So having done a bit of reading on the issue of colours and readability, all the literature is in agreement that pure white, and pure black is the worst combination for reading, so I have made a pull request to adjust that. The general consensus though, is that to significantly help most people suffering with visual stress/Irlens Syndrome they need to select specific colours.

I agree the styling would need some refactoring before we tried to do something like that.

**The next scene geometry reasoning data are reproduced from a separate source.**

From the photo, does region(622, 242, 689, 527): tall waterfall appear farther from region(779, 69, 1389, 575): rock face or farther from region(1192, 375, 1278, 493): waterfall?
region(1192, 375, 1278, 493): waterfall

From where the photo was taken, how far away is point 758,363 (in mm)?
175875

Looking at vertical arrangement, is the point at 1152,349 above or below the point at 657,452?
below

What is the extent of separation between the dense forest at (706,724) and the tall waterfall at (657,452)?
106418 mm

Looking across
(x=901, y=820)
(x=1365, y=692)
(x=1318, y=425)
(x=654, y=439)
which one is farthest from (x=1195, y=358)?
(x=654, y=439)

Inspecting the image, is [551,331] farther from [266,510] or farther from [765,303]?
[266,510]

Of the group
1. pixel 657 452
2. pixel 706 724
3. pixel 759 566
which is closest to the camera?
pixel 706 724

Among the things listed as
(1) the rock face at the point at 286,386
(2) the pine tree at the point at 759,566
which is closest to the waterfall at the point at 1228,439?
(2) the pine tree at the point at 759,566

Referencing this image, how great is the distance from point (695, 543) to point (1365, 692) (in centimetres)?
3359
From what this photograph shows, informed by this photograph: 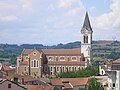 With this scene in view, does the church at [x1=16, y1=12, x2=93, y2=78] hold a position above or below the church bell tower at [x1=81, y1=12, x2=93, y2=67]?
below

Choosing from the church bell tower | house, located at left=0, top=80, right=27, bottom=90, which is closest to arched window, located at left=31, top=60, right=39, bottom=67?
the church bell tower

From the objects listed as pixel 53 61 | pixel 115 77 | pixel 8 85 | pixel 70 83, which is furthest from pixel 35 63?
pixel 115 77

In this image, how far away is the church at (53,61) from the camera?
14450 centimetres

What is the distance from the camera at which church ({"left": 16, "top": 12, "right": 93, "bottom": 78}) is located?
14450 cm

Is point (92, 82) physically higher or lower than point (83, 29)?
lower

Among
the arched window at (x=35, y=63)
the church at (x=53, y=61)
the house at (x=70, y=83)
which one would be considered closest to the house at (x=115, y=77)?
the house at (x=70, y=83)

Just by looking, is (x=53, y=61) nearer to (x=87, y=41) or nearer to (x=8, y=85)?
(x=87, y=41)

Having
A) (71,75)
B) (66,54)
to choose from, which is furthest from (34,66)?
(71,75)

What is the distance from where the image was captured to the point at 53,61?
486 feet

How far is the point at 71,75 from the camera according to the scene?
360 feet

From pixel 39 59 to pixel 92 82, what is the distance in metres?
77.4

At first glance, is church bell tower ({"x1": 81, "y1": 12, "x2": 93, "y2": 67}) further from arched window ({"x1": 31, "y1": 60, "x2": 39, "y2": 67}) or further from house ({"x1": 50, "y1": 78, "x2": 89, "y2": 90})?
house ({"x1": 50, "y1": 78, "x2": 89, "y2": 90})

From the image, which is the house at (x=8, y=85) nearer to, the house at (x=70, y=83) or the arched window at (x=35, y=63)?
the house at (x=70, y=83)

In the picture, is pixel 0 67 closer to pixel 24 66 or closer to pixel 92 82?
pixel 24 66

As I see it, the main issues are (I hope this is not read in the wrong way, I say this with the absolute greatest respect, and have learned lots from just reading the mu code-base) :

  • The styling is split between the Theme subclasses, the stylesheets in resources, and lots of snippets of code in lots of different places (often with if a… if b…)
  • The functions set_theme sometimes accept strings as arguments, but other times accept 'X-Theme objects' – this is a little confusing scanning through the code.
  • There is quite a lot of repeated QSS in the three stylesheet files.

I propose as an alternative, we store all theme-specific style information in the classes defined in themes.py:

  • To deal with the stylesheets, there could be one stylesheet with placeholder values, which would then be replaced by values stored in each Theme sub-class.
  • Add a next_theme() method to Theme which returns the next theme to be used to simplify the logic of switching themes.
  • Always pass around the actual 'X-Theme objects', rather than strings to set_theme fuctions.

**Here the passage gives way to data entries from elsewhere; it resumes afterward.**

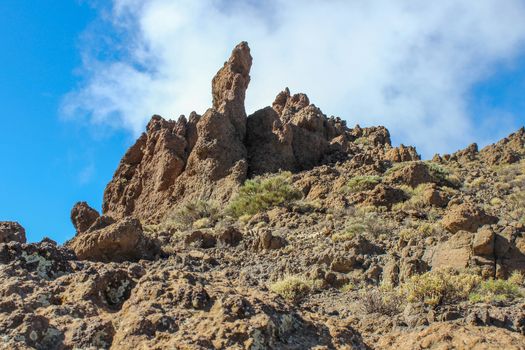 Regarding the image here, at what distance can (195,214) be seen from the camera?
2478 cm

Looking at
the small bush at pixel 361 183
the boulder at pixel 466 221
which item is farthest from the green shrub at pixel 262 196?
the boulder at pixel 466 221

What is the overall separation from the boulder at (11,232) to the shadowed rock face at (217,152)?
16.1 m

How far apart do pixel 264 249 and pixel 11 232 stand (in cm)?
785

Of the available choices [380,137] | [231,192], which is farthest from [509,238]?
[380,137]

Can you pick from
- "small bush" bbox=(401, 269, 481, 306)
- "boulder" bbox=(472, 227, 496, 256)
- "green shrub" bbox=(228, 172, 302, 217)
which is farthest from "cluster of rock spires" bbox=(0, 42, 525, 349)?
"green shrub" bbox=(228, 172, 302, 217)

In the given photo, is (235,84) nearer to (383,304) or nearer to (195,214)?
(195,214)

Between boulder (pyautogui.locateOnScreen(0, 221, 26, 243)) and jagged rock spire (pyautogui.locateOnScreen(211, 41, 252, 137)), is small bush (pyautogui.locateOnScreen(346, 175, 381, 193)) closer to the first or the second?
jagged rock spire (pyautogui.locateOnScreen(211, 41, 252, 137))

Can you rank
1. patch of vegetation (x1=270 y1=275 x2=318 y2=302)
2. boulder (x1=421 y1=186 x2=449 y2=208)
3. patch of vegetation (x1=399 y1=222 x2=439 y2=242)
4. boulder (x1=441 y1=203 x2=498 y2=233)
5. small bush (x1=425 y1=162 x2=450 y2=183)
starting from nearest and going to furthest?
1. patch of vegetation (x1=270 y1=275 x2=318 y2=302)
2. boulder (x1=441 y1=203 x2=498 y2=233)
3. patch of vegetation (x1=399 y1=222 x2=439 y2=242)
4. boulder (x1=421 y1=186 x2=449 y2=208)
5. small bush (x1=425 y1=162 x2=450 y2=183)

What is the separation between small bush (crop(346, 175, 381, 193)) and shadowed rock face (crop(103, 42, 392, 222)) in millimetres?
5299

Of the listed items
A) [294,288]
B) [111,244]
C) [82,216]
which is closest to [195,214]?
[82,216]

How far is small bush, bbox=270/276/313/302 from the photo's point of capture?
1187 cm

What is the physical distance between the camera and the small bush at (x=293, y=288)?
38.9ft

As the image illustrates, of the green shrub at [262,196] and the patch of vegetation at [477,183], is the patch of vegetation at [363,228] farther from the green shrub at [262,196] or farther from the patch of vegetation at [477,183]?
the patch of vegetation at [477,183]

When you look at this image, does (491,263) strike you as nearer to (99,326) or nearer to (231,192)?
(99,326) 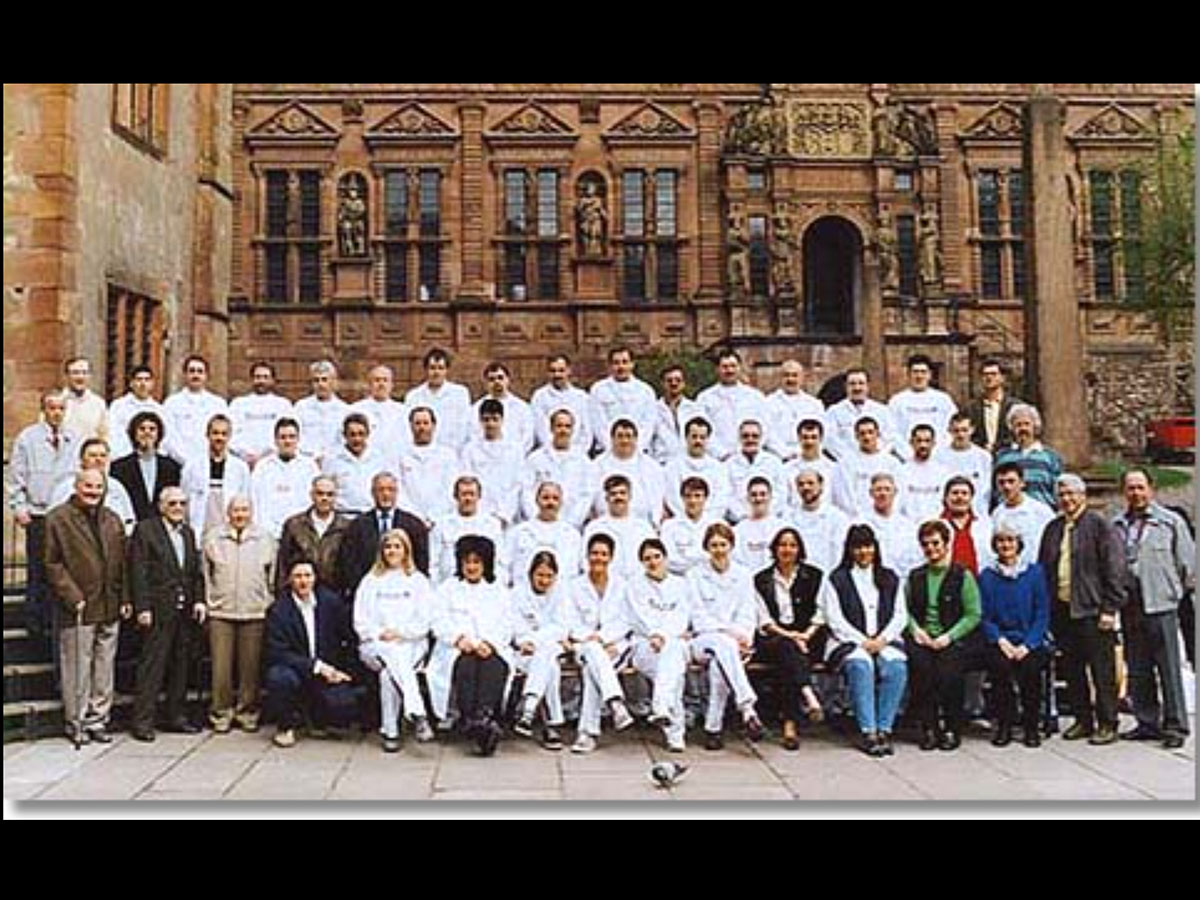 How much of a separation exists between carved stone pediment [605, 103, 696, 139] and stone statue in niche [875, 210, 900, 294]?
2.50 m

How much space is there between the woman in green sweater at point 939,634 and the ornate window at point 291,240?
638 centimetres

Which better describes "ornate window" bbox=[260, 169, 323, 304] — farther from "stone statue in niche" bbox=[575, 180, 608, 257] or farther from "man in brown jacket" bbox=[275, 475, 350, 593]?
"man in brown jacket" bbox=[275, 475, 350, 593]

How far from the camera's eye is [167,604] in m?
8.12

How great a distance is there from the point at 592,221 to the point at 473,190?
→ 1211 mm

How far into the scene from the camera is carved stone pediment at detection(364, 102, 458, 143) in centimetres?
1381

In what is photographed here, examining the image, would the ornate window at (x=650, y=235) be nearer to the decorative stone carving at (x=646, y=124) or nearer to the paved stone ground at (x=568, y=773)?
the decorative stone carving at (x=646, y=124)

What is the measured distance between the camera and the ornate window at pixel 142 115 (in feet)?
33.9

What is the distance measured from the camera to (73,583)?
25.8 feet

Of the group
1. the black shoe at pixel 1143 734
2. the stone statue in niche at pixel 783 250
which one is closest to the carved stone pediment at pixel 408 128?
the stone statue in niche at pixel 783 250

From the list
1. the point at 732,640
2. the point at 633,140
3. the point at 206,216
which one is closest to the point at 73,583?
the point at 732,640

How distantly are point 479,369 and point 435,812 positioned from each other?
679cm

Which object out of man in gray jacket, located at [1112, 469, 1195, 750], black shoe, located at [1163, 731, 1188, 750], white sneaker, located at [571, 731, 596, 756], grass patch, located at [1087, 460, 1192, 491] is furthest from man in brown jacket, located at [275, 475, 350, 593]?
grass patch, located at [1087, 460, 1192, 491]

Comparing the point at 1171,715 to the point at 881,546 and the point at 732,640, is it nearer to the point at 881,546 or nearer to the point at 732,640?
the point at 881,546

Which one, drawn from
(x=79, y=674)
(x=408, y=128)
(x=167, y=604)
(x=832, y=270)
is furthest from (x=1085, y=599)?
(x=408, y=128) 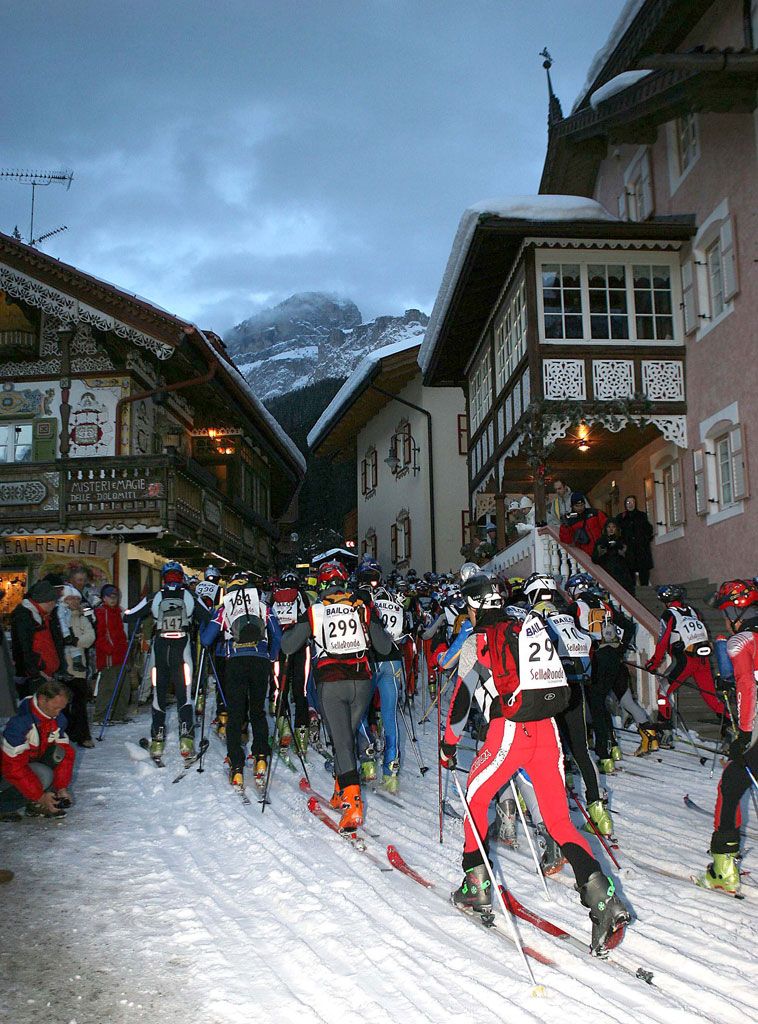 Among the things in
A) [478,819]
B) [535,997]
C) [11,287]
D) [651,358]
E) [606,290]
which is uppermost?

Most situations could then be dealt with by adding a property to of the each classes inheriting Theme.

For example instead of (in panes.PlotterPane)

def set_theme(self, theme):
    if theme == 'day':
        self.chart.setTheme(QChart.ChartThemeLight)
    elif theme == 'night':
        self.chart.setTheme(QChart.ChartThemeDark)
    else:
        self.chart.setTheme(QChart.ChartThemeHighContrast)

We could simply have:

def set_theme(self, theme):
    self.chart.setTheme(theme.ChartTheme)

This would mean all the theme information was in one place, would simplify the code everywhere else, and wouldn’t introduce any new dependencies.
Likewise (in main.window):

def set_theme(self, theme):
    self.theme = theme
    self.load_theme.emit(theme)
    if theme == 'contrast':
        new_theme = ContrastTheme
        new_icon = 'theme_day'
    elif theme == 'night':
        new_theme = NightTheme
        new_icon = 'theme_contrast'
    else:
        new_theme = DayTheme
        new_icon = 'theme'
    for widget in self.widgets:
        widget.set_theme(new_theme)
    self.button_bar.slots['theme'].setIcon(load_icon(new_icon))
    if hasattr(self, 'repl') and self.repl:
        self.repl_pane.set_theme(theme)
    if hasattr(self, 'plotter') and self.plotter:
        self.plotter_pane.set_theme(theme)

would become

def set_theme(self, theme):
    self.theme = theme
    self.load_theme.emit(theme)
    for widget in self.widgets:
        widget.set_theme(theme)
    self.button_bar.slots['theme'].setIcon(load_icon(theme.icon))
    if hasattr(self, 'repl') and self.repl:
        self.repl_pane.set_theme(theme)
    if hasattr(self, 'plotter') and self.plotter:
        self.plotter_pane.set_theme(theme)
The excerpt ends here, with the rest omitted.